Work to complete
Each record is to be duplicated exactly, with nothing added.

Provided material
====================

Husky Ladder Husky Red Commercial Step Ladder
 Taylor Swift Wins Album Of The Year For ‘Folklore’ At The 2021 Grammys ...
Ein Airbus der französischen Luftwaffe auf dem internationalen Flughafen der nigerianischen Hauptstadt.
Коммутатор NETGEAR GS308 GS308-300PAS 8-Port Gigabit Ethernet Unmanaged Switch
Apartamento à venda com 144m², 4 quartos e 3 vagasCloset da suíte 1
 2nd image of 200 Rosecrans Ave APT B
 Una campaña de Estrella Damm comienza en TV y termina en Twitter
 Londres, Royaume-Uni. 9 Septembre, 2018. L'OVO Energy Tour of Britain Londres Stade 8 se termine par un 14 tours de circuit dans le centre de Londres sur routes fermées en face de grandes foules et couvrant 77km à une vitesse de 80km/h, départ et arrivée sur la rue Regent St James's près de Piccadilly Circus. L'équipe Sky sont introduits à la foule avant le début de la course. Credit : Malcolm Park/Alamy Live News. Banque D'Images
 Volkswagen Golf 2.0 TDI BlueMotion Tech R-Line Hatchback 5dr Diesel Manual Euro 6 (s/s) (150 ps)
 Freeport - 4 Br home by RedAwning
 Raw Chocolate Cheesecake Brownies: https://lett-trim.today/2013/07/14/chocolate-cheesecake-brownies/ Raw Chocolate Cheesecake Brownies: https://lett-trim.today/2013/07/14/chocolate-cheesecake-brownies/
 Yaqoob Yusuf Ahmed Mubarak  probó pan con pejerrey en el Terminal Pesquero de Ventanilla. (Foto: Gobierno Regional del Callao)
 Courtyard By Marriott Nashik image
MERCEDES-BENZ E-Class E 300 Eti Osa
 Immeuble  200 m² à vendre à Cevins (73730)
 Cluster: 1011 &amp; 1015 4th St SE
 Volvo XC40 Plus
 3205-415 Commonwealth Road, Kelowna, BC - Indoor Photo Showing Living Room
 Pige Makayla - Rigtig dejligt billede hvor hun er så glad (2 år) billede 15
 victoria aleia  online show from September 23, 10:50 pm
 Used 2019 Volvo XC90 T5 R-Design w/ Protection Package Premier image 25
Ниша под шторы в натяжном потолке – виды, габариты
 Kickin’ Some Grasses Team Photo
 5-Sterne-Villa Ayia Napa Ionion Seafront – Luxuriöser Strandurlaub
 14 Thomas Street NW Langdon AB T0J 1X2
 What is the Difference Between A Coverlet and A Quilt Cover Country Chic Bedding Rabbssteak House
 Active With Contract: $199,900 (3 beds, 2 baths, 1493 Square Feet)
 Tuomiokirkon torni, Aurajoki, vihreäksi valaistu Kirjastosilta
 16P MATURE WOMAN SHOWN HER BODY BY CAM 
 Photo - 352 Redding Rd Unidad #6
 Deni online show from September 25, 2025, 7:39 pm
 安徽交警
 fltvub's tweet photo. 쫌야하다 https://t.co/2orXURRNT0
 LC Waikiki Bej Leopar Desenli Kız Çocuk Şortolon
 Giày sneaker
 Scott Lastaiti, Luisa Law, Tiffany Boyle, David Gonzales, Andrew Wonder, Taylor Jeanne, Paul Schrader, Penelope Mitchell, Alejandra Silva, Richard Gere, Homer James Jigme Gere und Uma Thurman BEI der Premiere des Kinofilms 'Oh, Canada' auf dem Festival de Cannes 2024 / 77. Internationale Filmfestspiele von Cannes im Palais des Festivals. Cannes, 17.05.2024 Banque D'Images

====================

Completed task
Husky Ladder Husky Red Commercial Step Ladder
 Taylor Swift Wins Album Of The Year For ‘Folklore’ At The 2021 Grammys ...
Ein Airbus der französischen Luftwaffe auf dem internationalen Flughafen der nigerianischen Hauptstadt.
Коммутатор NETGEAR GS308 GS308-300PAS 8-Port Gigabit Ethernet Unmanaged Switch
Apartamento à venda com 144m², 4 quartos e 3 vagasCloset da suíte 1
 2nd image of 200 Rosecrans Ave APT B
 Una campaña de Estrella Damm comienza en TV y termina en Twitter
 Londres, Royaume-Uni. 9 Septembre, 2018. L'OVO Energy Tour of Britain Londres Stade 8 se termine par un 14 tours de circuit dans le centre de Londres sur routes fermées en face de grandes foules et couvrant 77km à une vitesse de 80km/h, départ et arrivée sur la rue Regent St James's près de Piccadilly Circus. L'équipe Sky sont introduits à la foule avant le début de la course. Credit : Malcolm Park/Alamy Live News. Banque D'Images
 Volkswagen Golf 2.0 TDI BlueMotion Tech R-Line Hatchback 5dr Diesel Manual Euro 6 (s/s) (150 ps)
 Freeport - 4 Br home by RedAwning
 Raw Chocolate Cheesecake Brownies: https://lett-trim.today/2013/07/14/chocolate-cheesecake-brownies/ Raw Chocolate Cheesecake Brownies: https://lett-trim.today/2013/07/14/chocolate-cheesecake-brownies/
 Yaqoob Yusuf Ahmed Mubarak  probó pan con pejerrey en el Terminal Pesquero de Ventanilla. (Foto: Gobierno Regional del Callao)
 Courtyard By Marriott Nashik image
MERCEDES-BENZ E-Class E 300 Eti Osa
 Immeuble  200 m² à vendre à Cevins (73730)
 Cluster: 1011 &amp; 1015 4th St SE
 Volvo XC40 Plus
 3205-415 Commonwealth Road, Kelowna, BC - Indoor Photo Showing Living Room
 Pige Makayla - Rigtig dejligt billede hvor hun er så glad (2 år) billede 15
 victoria aleia  online show from September 23, 10:50 pm
 Used 2019 Volvo XC90 T5 R-Design w/ Protection Package Premier image 25
Ниша под шторы в натяжном потолке – виды, габариты
 Kickin’ Some Grasses Team Photo
 5-Sterne-Villa Ayia Napa Ionion Seafront – Luxuriöser Strandurlaub
 14 Thomas Street NW Langdon AB T0J 1X2
 What is the Difference Between A Coverlet and A Quilt Cover Country Chic Bedding Rabbssteak House
 Active With Contract: $199,900 (3 beds, 2 baths, 1493 Square Feet)
 Tuomiokirkon torni, Aurajoki, vihreäksi valaistu Kirjastosilta
 16P MATURE WOMAN SHOWN HER BODY BY CAM 
 Photo - 352 Redding Rd Unidad #6
 Deni online show from September 25, 2025, 7:39 pm
 安徽交警
 fltvub's tweet photo. 쫌야하다 https://t.co/2orXURRNT0
 LC Waikiki Bej Leopar Desenli Kız Çocuk Şortolon
 Giày sneaker
 Scott Lastaiti, Luisa Law, Tiffany Boyle, David Gonzales, Andrew Wonder, Taylor Jeanne, Paul Schrader, Penelope Mitchell, Alejandra Silva, Richard Gere, Homer James Jigme Gere und Uma Thurman BEI der Premiere des Kinofilms 'Oh, Canada' auf dem Festival de Cannes 2024 / 77. Internationale Filmfestspiele von Cannes im Palais des Festivals. Cannes, 17.05.2024 Banque D'Images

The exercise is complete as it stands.